QUEENSLAND’S $2 billion sugar industry is grappling with a bittersweet push to convert biomass into “clean, green electricity”.
North Queensland Bio-Energy chairman Robert Carey is in negotiations with overseas investors to build a $550 million super mill and baseload power station at Ingham, in the heart of cane-growing country, north of Townsville.
“This project is absolutely transformative for not only Ingham and other sugar towns, but the whole industry itself,’’ he said.
“It’s the future. Clean, green, renewable energy produced from plants to power the north into the new era of innovation. But the bittersweet question is if canegrowers are ready for change.”
NQBE launched the project in 2009 and won “state significant project” status from the Queensland Government but has faced delays with financiers concerned about if the sugar industry is investment ready.

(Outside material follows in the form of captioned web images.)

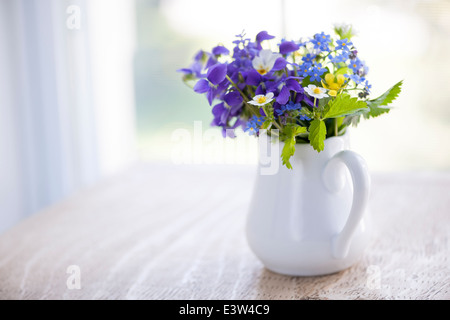 Bouquet di fiori selvatici in bianco vaso sulla tavola in legno rustico vicino a finestra con copia spazio, luce naturale Foto Stock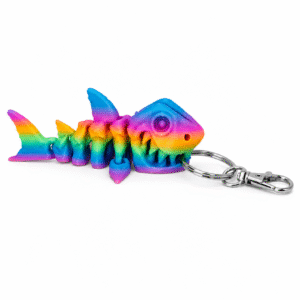 Rainbow-colored 3D printed articulated shark skeleton keychain with metal clasp.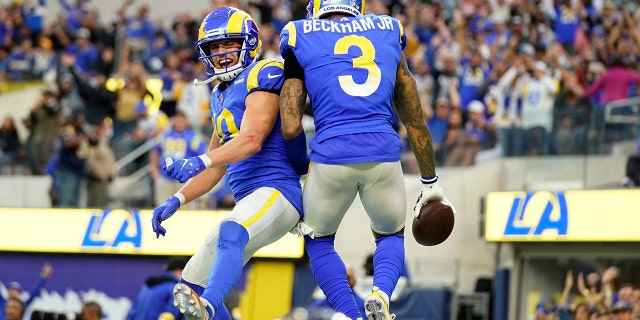 Los Angeles Rams wide receiver Odell Beckham Jr. (3) celebrates his touchdown catch with Cooper Kupp during the second half of an NFL football game against the Jacksonville Jaguars Sunday, Dec. 5, 2021, in Inglewood, Calif.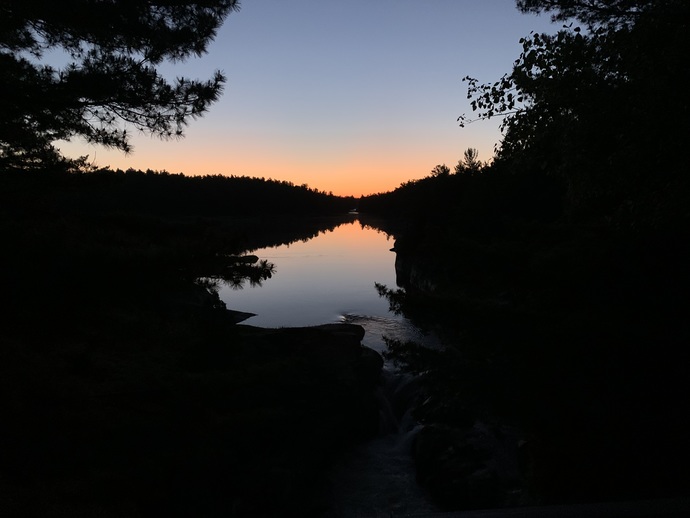 Walking alongside the river at the one end of my property.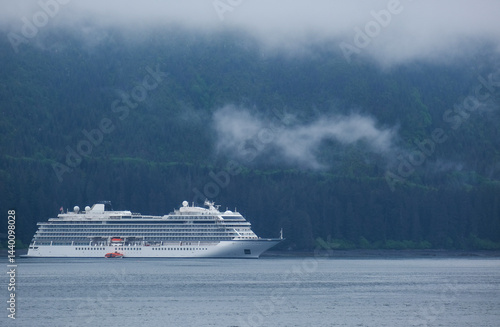 Obraz na płótnie Luxury cruiseship cruise ship liner Orion and kayaks boat in Hoonah Icy Strait Point Bay, Alaska with low hanging clouds and nature landscape scenery w salonie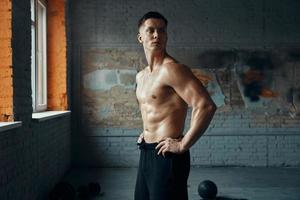 Confident muscular man holding hands on hip while standing in gym photo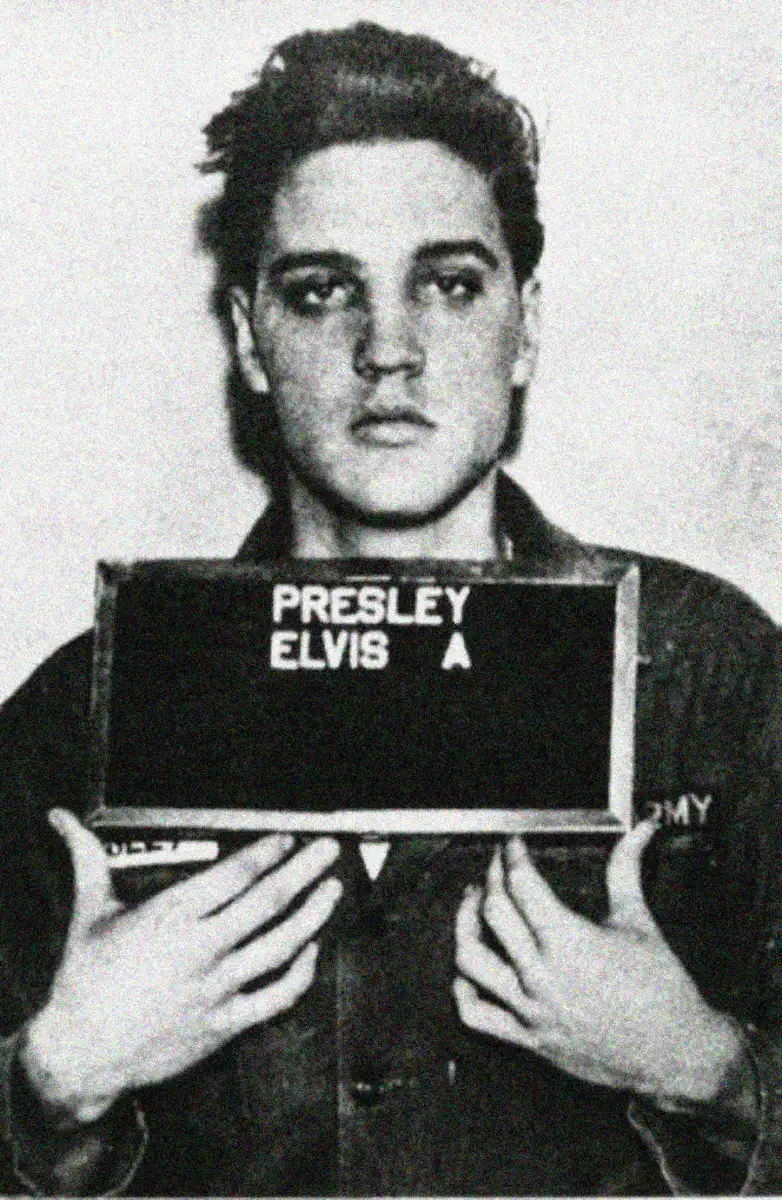 A young man holds a nameplate reading "PRESLEY ELVIS" in front of his chest, facing the camera for a black-and-white mugshot-style photograph. He wears a military-style shirt.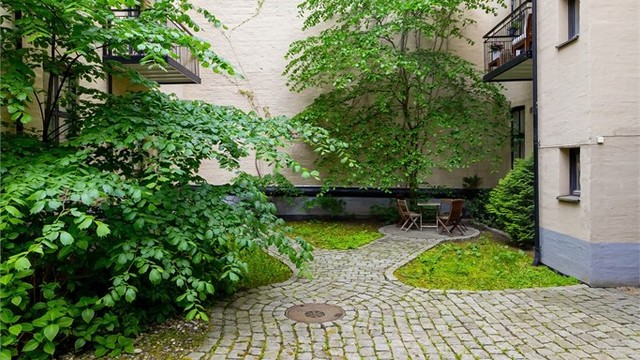 Tomten er opparbeidet med brostein og beplantning.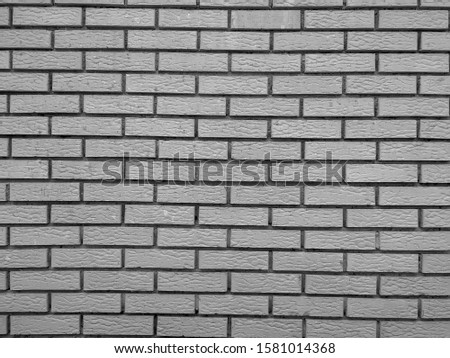 Modern rock stone wall background made of bricks on a wall of the building with rough texture and interesting antique retro natural pattern in black and white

Mr Carey said foreign-owned sugar mills opposed the groundbreaking project because it was a direct competitive threat.
“Most of these old mills – some of them are over 100 years old – are dinosaurs,” he said.
“The only way to improve them is to bring in the bulldozers and knock them down. Our other challenge is to convince older generations of cane farmers that it is time to diversify.”
He said the “state-of-the-art” facility, the first of its kind in Australia, would produce about 335,000 tonnes of sugar a year, between 90,000 and 250,000 litres of ethanol a day and between 110 — 115 MW of renewable “green” power.
It is hoped the ethanol mandate, to be introduced next year, would benefit the growth of the bio-energy industry, both locally and nationally.
Countries like America and Brazil are rapidly expanding into bio-products, particularly ethanol, with the US producing about 500 million litres a year.
Plans for a $564m biofuel plant at Pentland, Charters Towers, are reportedly on track for construction to begin in August.
The Renewable Developments Australia project, financed by NAB and other private investors, involves the farming of sugarcane and sorghum on 19,100ha of land near Pentland.
At Gladstone, a $16 million pilot biofuel project has also been slated at the Southern Oil Refining Yarwun plant.